Rio packs a lot of characters into the novella’s short space, cycling through five central narrators. These fast changes in perspective never quite allow the reader to latch onto one character fully. Either developing this novella into a full-length book or reducing the cast would allow readers to have more time to get to know their favorite heroes.
Unfortunately, the reader is asked to spend more time with the mystery at the center of the novella than with the characters. The mystery is not mysterious at all, and one can expect to get to the bottom of the plot as soon as it is introduced. It seems that Rio wanted to work with two things — a ghostly puzzle on a college campus and a diverse set of leads.
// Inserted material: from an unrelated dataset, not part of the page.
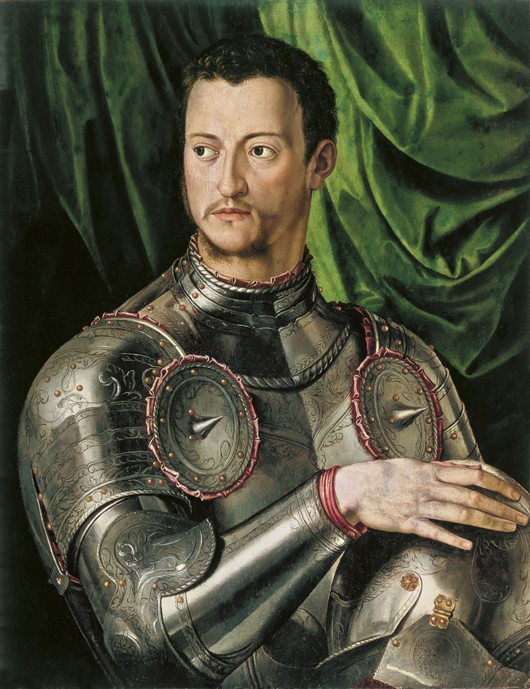 Porträt Cosimo I. de' Medici, Grossherzog von Toskana (1519-1574) in Rüstung von Agnolo Bronzino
The problem is that neither is developed to its full potential, even if small successes like an apt ending for the main villain do bring some satisfaction to the reader.
“Graveyard Shift” also suffers from its ambitions. It is almost obtusely “about” something. Instead of building its themes into the narrative, Rio states in a lengthy Author’s Note (an incorporation that often seems to harm a novel more than it helps) that the novella is meant to borrow from personal experience, an academic fascination with scientific humanities, Shakespeare, and sci-fi authors ranging from Vonnegut to Crichton. Sadly these influences shine more in this over-explanatory note than in the actual story, as the closest one feels to reading “Cat’s Cradle” during “Graveyard Shift” is when a rat crawls up the leg of one of the main characters.
The purported deep interests of the novel reach the level of absurdity when, at the book’s close, Rio adds a playlist to go alongside the book that includes the Arctic Monkeys, two tracks from The Cure, and the aptly emo-sounding group Suicide. The songs added at the end give off the impression that Rio wants the reader to believe they read something much more edgy and life-changing than they actually did. “Graveyard Shift” is a genre-aligned novel, a mystery story, and it would be better if it accepted its identity as such.
That’s not to say that the book is unsuccessful; on the contrary, it succeeds in being quite entertaining. Rio brings her characteristic beautiful prose to the book, which revels in small details and character quirks. The language makes the characters and their world feel real. As stated above, the main cast brings a lot of life and funny interactions to the plot. The novella is also fun in the formulaic way any mystery work is: The reader revels in watching the characters come to conclusions more than the actual resolution of the story itself. The book only becomes distracting when it takes itself too seriously or juggles too many plotlines.
Rio is sure to please the dark academia cult following that she established with her earlier novel, but “Graveyard Shift” lacks some development and may disappoint new readers. Her writing lays down the bones of an excellent story, but needs another fifty pages to be truly great. Fortunately, since it is mainly a genre story, it doesn’t feel inferior because it doesn’t reach its potential.